■ Data excerpt ■
—————

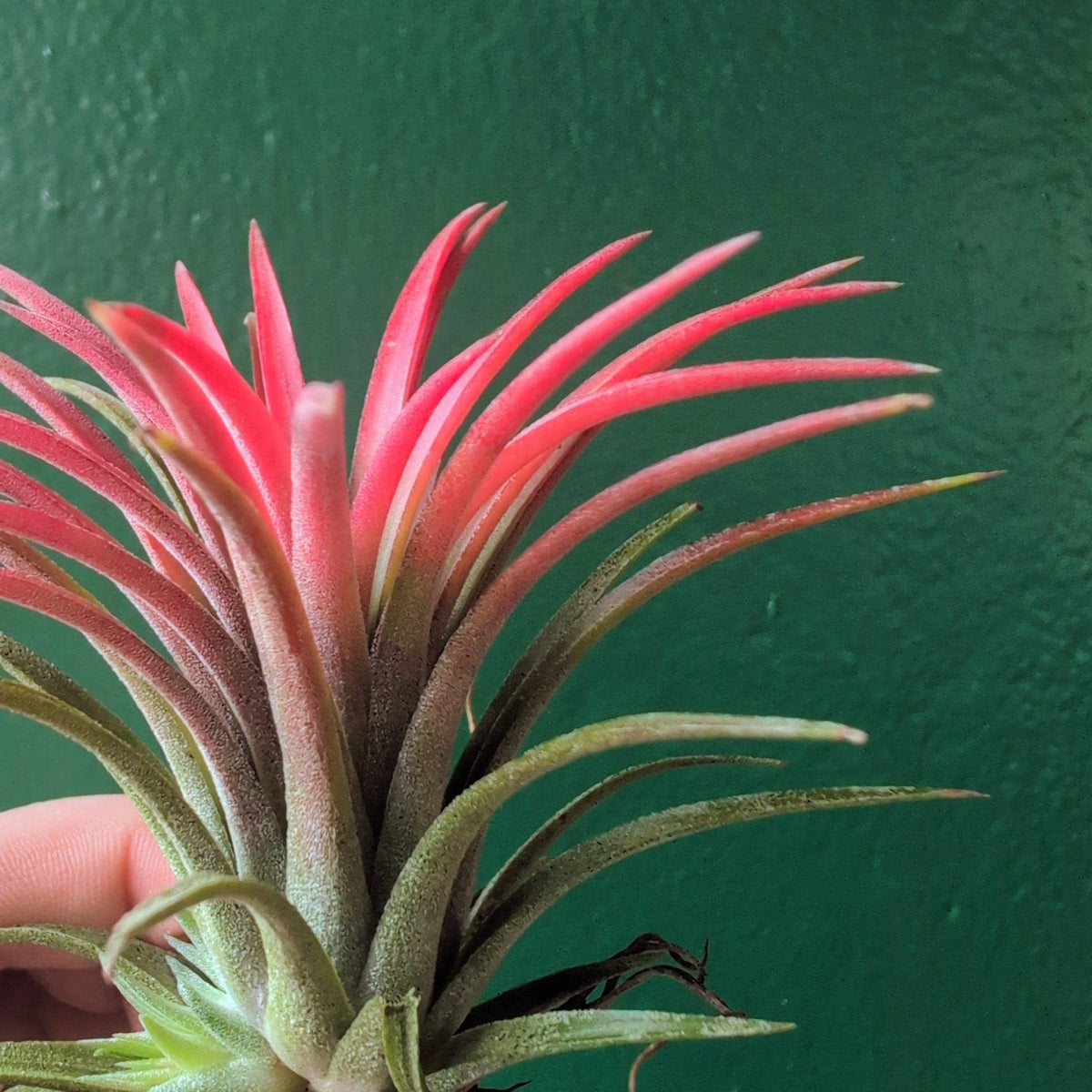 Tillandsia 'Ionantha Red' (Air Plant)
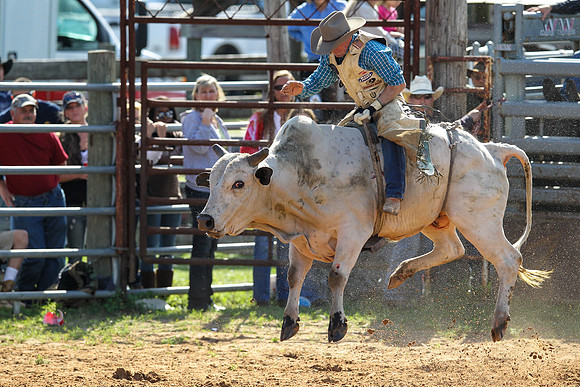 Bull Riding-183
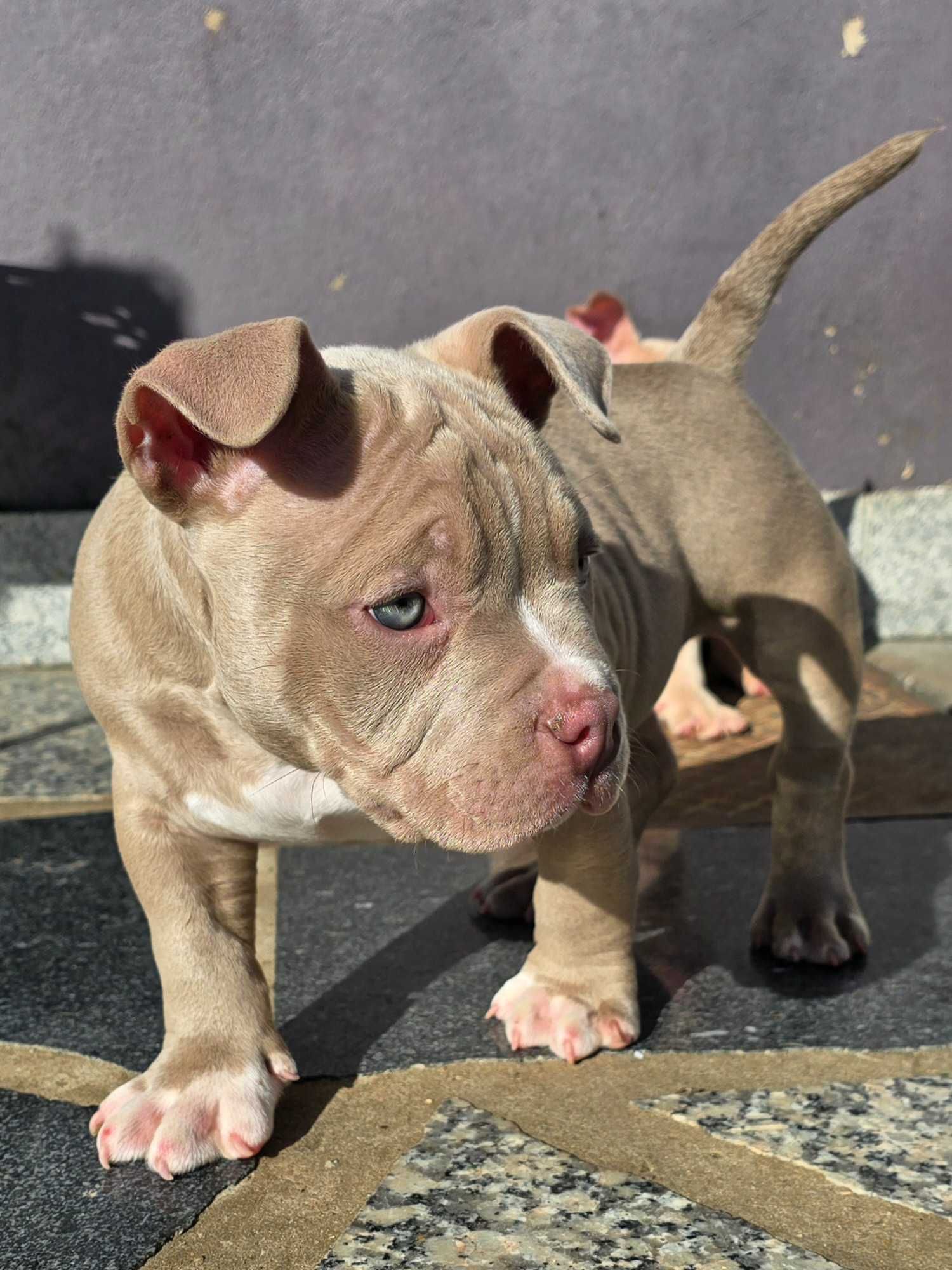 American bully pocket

—————

■ Exercise directions ■
Send back every line of the listing exactly. Omit the images.

■ Task solution ■
 Tillandsia 'Ionantha Red' (Air Plant)
 Bull Riding-183
 American bully pocket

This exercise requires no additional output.